After exhausting all possible avenues to run the economy from a totalitarian concept, the Government has taken the path of reforms under the name of updating the model. Among the first measures announced are labor reform that will leave more than 1 million workers without jobs, and the expansion of the allowed variants of self-employment, including hiring labor. However, these measures show that the government has not renounced the totalitarian vice of ignoring totalitarian citizen participation and deciding everything from the state, which augurs new failures.
The exclusion of sectors or social groups in decision-making has been a constant in our history. Since the claims raised by Felix de Arrate in the mid-eighteenth century — with the exception of Father Felix Varela and then with José Martí, who conceived the idea of the modern republic with everyone participating — the movements and the figures who starred in the different episodes, whether it was Spaniards versus Cubans, the fight between status as a Spanish province versus autonomy versus independence, always represented the social classes they came from to the detriment of other classes or sectors on the island. The process initiated in 1959 with the stated purpose of finishing the struggles started in the nineteenth century, ended up reproducing the evil in its most developed form: those excluded by the state are not one sector, but the entire society.
The two closely related measures announced recently are attempts to correct serious errors. Labor reform is a failure of the policy of “full employment” imposed against all economic logic, with the intention to display artificially to the world the superiority of the Cuban system, while the promotion of self-employment is an attempt to lessen the impact of current layoffs and the failure of absolute state ownership. Both measures, past and present, were implemented by the state, ignoring participation of citizens, which is impossible without the existence of a civil society, understood as an interrelated system of associations, public spaces, rights and freedoms, which form the basis the exchange of views, consultative behavior and decision making, without further authorization by those who make the laws.

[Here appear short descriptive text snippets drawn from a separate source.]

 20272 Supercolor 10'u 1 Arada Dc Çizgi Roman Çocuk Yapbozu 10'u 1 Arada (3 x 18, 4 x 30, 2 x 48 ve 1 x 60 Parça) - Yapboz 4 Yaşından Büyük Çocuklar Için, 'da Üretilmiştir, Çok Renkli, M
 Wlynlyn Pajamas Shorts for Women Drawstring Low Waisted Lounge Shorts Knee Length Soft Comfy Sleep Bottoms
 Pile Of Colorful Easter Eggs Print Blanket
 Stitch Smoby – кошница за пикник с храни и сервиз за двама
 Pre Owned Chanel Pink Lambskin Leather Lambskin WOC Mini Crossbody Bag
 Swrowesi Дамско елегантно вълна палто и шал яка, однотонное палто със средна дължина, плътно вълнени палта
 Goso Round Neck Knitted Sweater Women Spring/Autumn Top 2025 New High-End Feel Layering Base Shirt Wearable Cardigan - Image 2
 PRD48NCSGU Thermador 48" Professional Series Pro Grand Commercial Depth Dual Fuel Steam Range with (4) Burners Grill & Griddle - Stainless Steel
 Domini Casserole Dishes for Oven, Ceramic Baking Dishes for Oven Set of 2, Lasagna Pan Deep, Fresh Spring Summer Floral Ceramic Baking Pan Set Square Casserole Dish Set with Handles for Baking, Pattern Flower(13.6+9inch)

When the state abrogates civil society, as has happened in Cuba, it can impose its decisions; what it cannot achieve is a positive outcome. Hence, the implementation of fundamental rights and freedoms constitutes a prerequisite for overcoming the current structural crisis, whose root causes lie precisely in the absence of the freedoms that underpin human dignity, What peculiarities of the new scenario allow the State, after all of its failures, to continue deciding the destiny of the nation by itself? In the first place, the State has the advantage of being almost the sole owner of the means of production, which allows no opposition reforms, only special interests, without relying on external forces.

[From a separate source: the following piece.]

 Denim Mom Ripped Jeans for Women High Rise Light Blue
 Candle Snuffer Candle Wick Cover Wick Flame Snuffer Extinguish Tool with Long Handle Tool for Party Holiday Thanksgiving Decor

Secondly, as I have stated in other articles, the social changes usually occur under the direction of new forces which take power, while in Cuba, the initial actor is the same force that has held power for more than half a century, which facilitates, in the absence of an independent civil society, its determining the starting point, speed, depth and direction of change. And third, as the logical alternation of power did not exist, the force that has ruled for the past half century is responsible for everything good and everything bad that has happened, which explains its return to self-employment while it doesn’t speak of its own error with the Revolutionary Offensive 1968, which eliminated most small property. Finally, fourth, because the powers-that-be act on their own personal interests or those of the group that influences their conduct.
This explains that in neither of the two cases do they recognize the mistakes committed, because the Revolutionary Offensive of March 1968 eliminated at a single stroke tens of thousands of small landowners, many of whom employed contracted labor and offered goods and services that the State was never able to supply. As a result of the totalitarian desire to control everything and to prevent the formation of a middle class, they ignored both foreign and domestic experiences. Because in Cuba, from the Bishop Juan José Díaz de Espada in the early nineteenth century, until Julio Sanguily in the twentieth century, passing through José Antonio Saco, Francisco de Frías, Enrique José Varona and Jose Marti, innumerable thinkers argued the need to promote both a diversified economy of small farmers as well as a national middle class.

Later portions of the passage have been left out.